Les coûts de pilotage, remorquage et lamanage sont variables d'un port à l'autre en fonction de leurs conditions d'accès et de leurs caractéristiques nautiques.
Ces coûts étant déterminés au navire, et non au poids, ils s'abaissent unitairement avec la quantité de marchandises traitées : c'est l'effet « diviseur » qui désavantage les faibles quantités 41 ( * ) . Ainsi, pour le trafic des conteneurs, Le Havre manipule en moyenne 550 conteneurs par escale contre 936 à Rotterdam ou 1 139 à Anvers 42 ( * ) , lesquels se trouvent ainsi automatiquement avantagés.
Dans l'exemple de 300 conteneurs traités depuis un porte-conteneurs de 1 600 TEU, le poids de ces trois postes représente au total 15 à 25 % du coût de passage.
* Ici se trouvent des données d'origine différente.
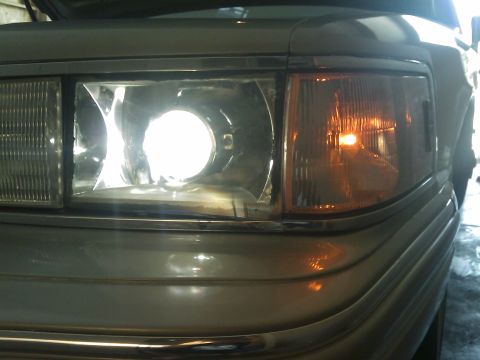 1992 Lincoln Town Car - Custom h.i.d. projectors, 4300k for color temp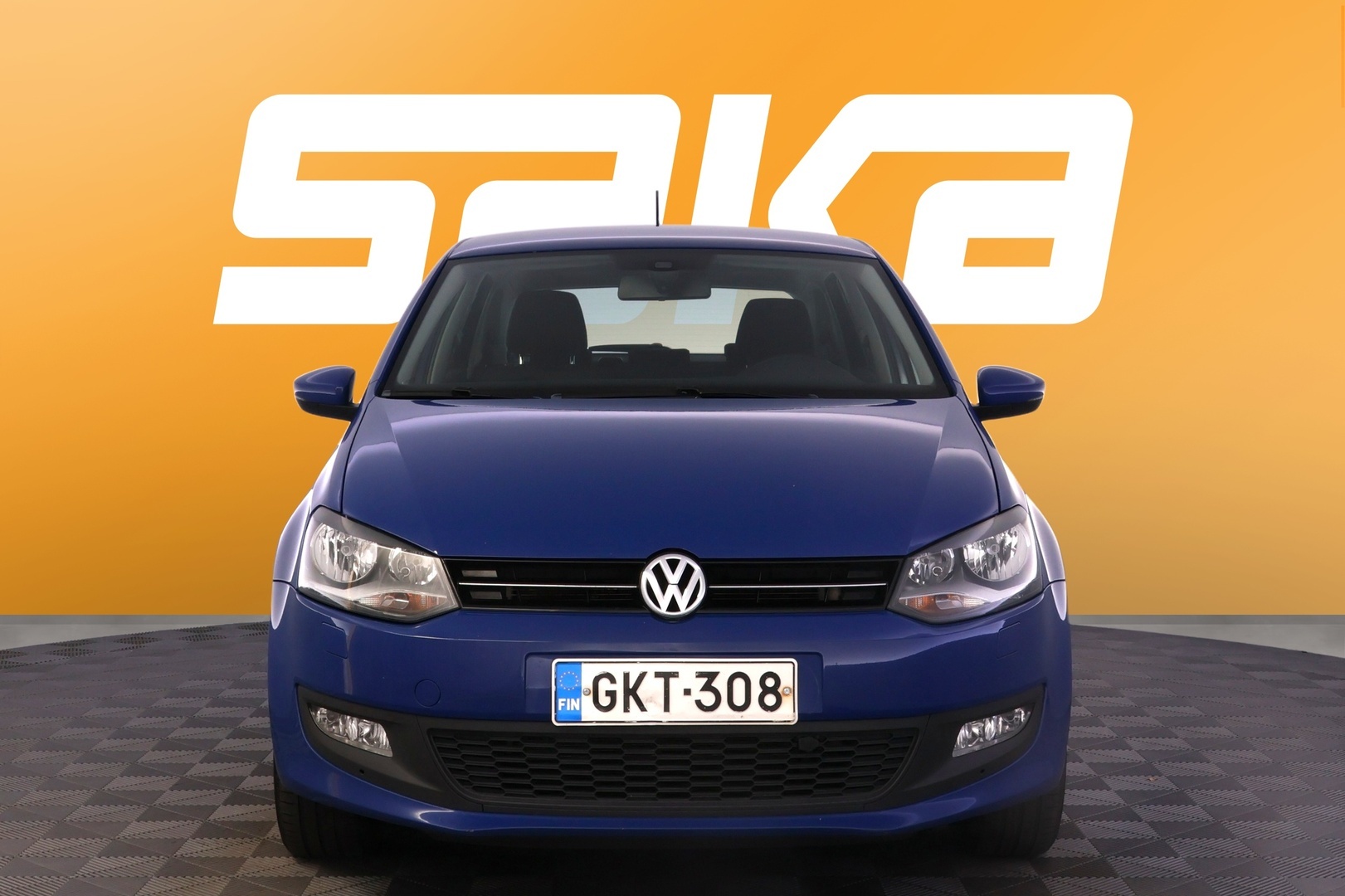 VOLKSWAGEN Polo 2013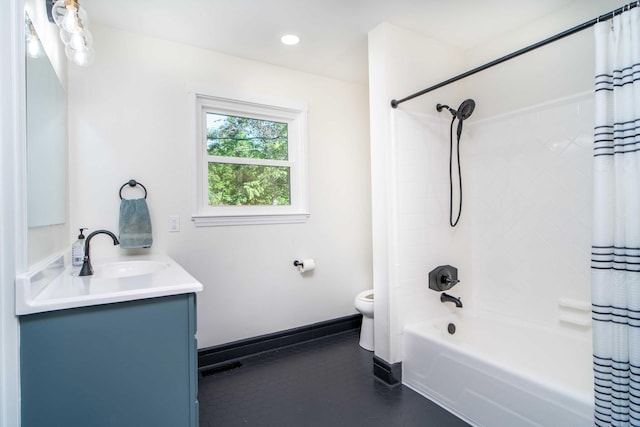 1306 Phyllis Ln, Chattanooga, TN 37421 - full bath featuring toilet, vanity, shower / bathtub combination with curtain, baseboards, and recessed lighting
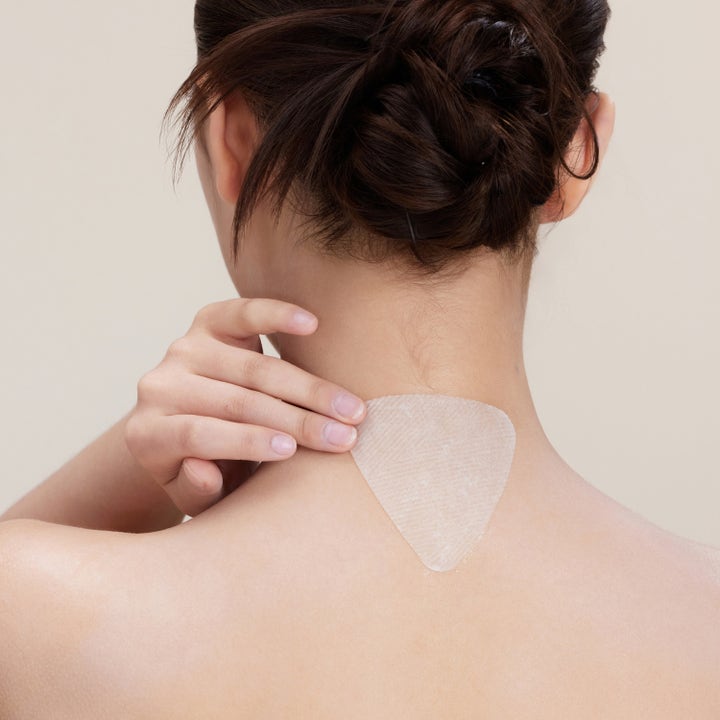 Dr. Ceuracle Tea Tree Purifine Toner Pad 160 ml rauhoittava kasvovesi iholle asetettuna pisaranmuotoisena lappuna.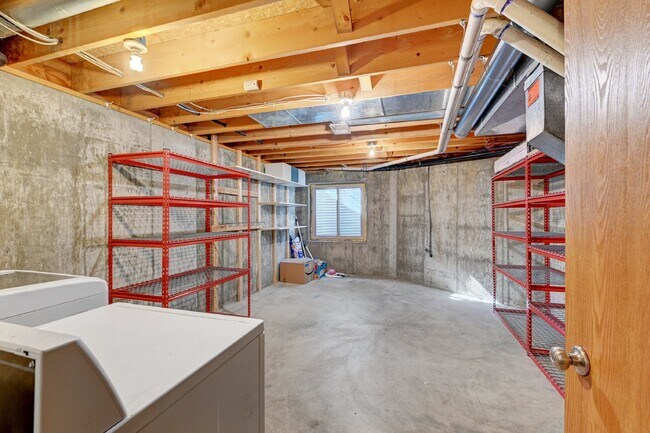 Building Photo - $2,400 - 2-Bed, 1.5-Bath Townhome in Lakewood Updated Throughout, With Garage + AC, Near Bear Cre...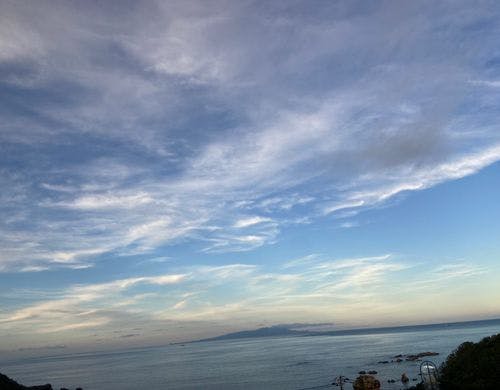 レストランテラスでの夕方の景色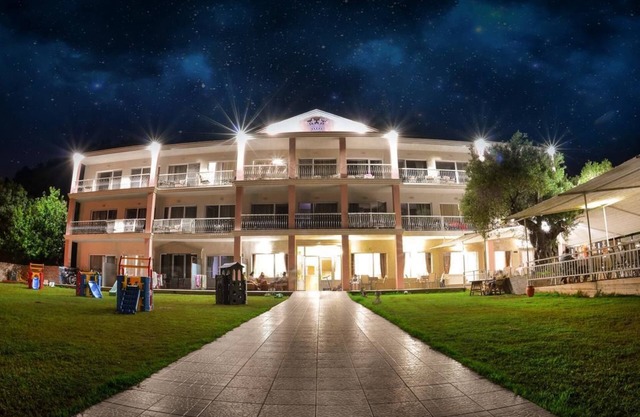 Crown Hotel
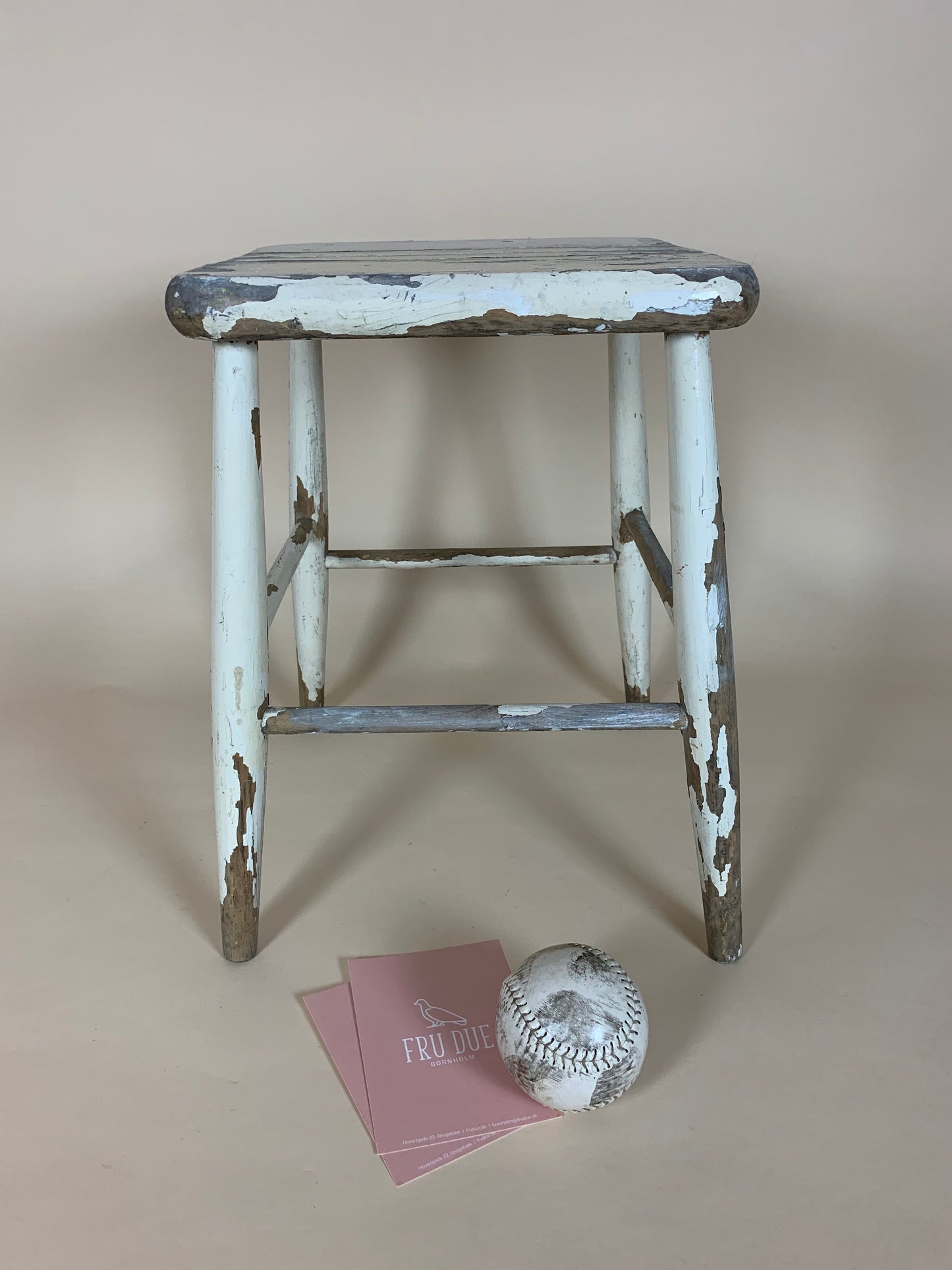 Taburet med masser af patina
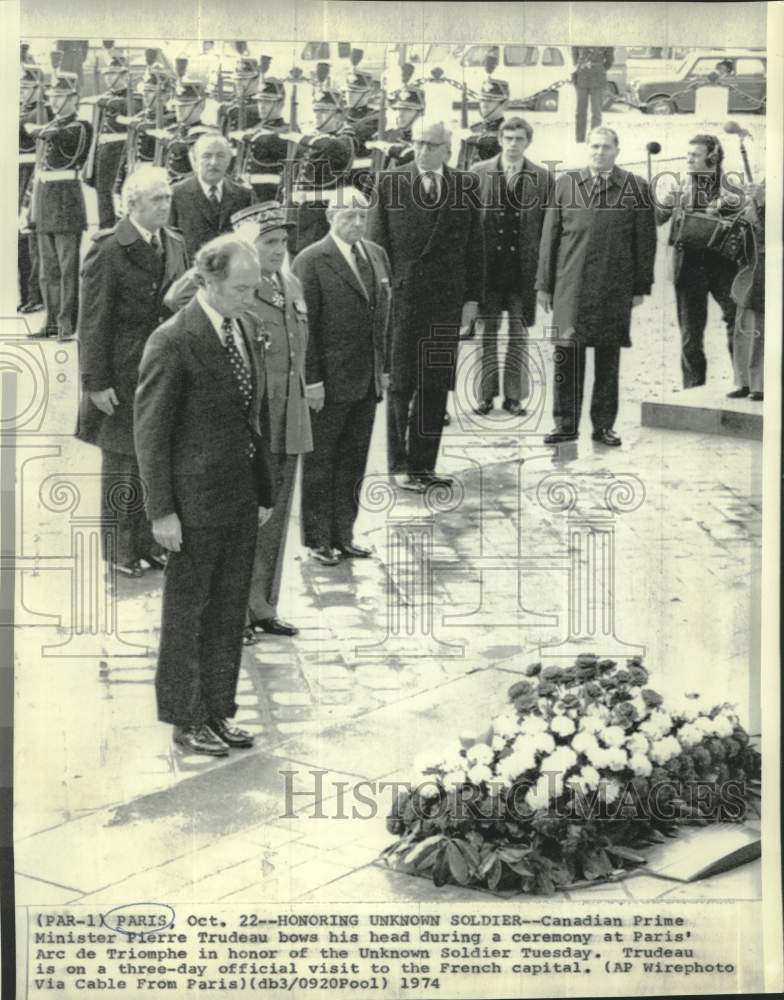Load image into Gallery viewer, 1974 Press Photo Canadian Prime Minister Honors Unknown Soldier in Paris
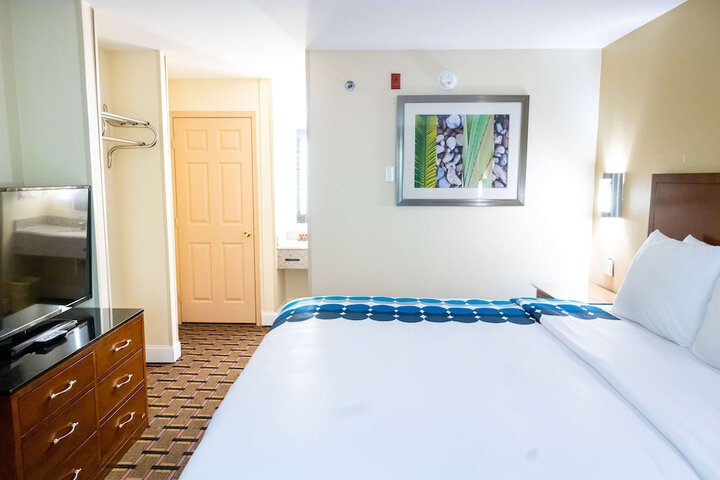 Room 43 of 57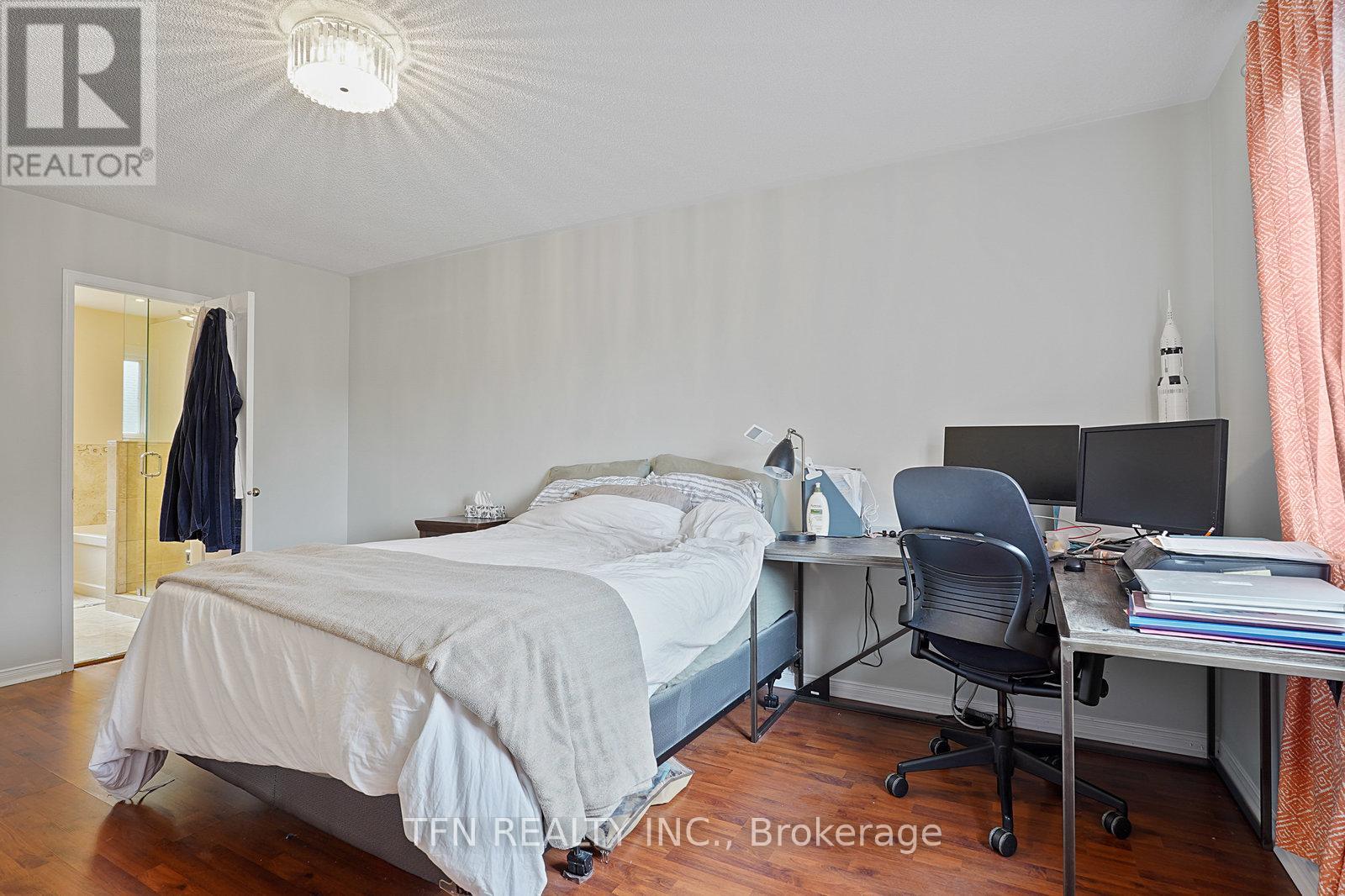 Photo 11 of 86 Thornbrook Court, Vaughan ON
Pour le vrac solide, son poids dans le coût de passage se situe entre 8 et 12 %.
La position compétitive des ports français sur ces trois postes appelle les mêmes observations que pour les droits de ports. Il est difficile de se faire une idée globale sur les performances comparées par rapport aux ports concurrents, mais en règle générale, les frais de ports semblent être du même ordre de grandeur et parfois moindres que pour les ports étrangers. Par ailleurs, ils ont une importance relative (8 %) dans les comptes d'exploitation des navires, ce qui en fait un poste moins sensible que les coûts de manutention ; cela ne dispense pas de rechercher chaque fois que possible des gains de productivité et des tarifs plus bas ou plus adaptés. Ainsi, l'expérience a montré, en matière de remorquage, que l'introduction d'une entreprise concurrente dans un port étranger avait pu faire baisser les prix correspondants d'environ 20 % à 25 % dans ce port.
Le stockage et la reprise sous magasin et sous terre-plein ont un coût très variable selon la nature de la marchandise et la durée des opérations.
Les opérations administratives concernant le navire représentent un coût faible (1 à 2 % pour les vraquiers, 2 à 4 % pour les autres navires). Par contre celles concernant la marchandise sont plus importantes, notamment pour le transit (exemple cité par Jean Chapon de 300 F par conteneur) et pour le connaissement (90 à 100 F par conteneur, comparable à l'ensemble des postes pilotage + remorquage + lamanage).
5.6.5 Essai de synthèse
Quoiqu'une vue globale soit difficile du fait de la diversité des situations et du manque de données disponibles, il est possible d'esquisser les conclusions suivantes :
Le premier poste de coût est le fret maritime. Celui-ci est actuellement au plus bas compte tenu des surcapacités mondiales lesquelles sont directrices sur les prix. De nouvelles interventions auprès des armateurs semblent toutefois souhaitables pour le fret conventionnel pour atténuer les handicaps concurrentiels dus au régime du « FOB Anvers ».
Le second poste de coût est celui de la desserte des hinterlands. Une attention particulière doit donc lui être accordée au niveau national.
Le troisième poste de coût, qui est donc de facto et, comme nous l'avons montré, de plus faible importance stratégique, est le coût de passage portuaire. Cela n'exclut pas dans les ports français, et notamment à Marseille qui est considéré comme cher 43 ( * ) , une recherche attentive d'économies de gestion, notamment pour le poste manutention qui est le plus fort.
* 39 Y compris magasinage. Si l'on prend seulement la part du navire de la manutention, les pourcentages cités deviennent respectivement égaux à 44 % en 19S5 et 35 % en 1995/1996.
* 40 Exceptions mises a part. Nous avons constaté sur un exemple que Barcelone est très cher dans un cas de conteneurs à l'exportation
* 41 II en est de même des droits de port sur le navire
* 42 Source Évaluation CMA, mentionnée par la Mission de préfiguration de l'Observatoire des Coûts de passage portuaire.
* 43 Cf. Étude BCEOM réalisée pour le Commissariat général du Plan : Analyse de la compétitivité des ports français » , octobre 1997. Un résumé de cette étude figure en annexe 4, Cf. également : étude MLTC, juillet 1997, déjà citée.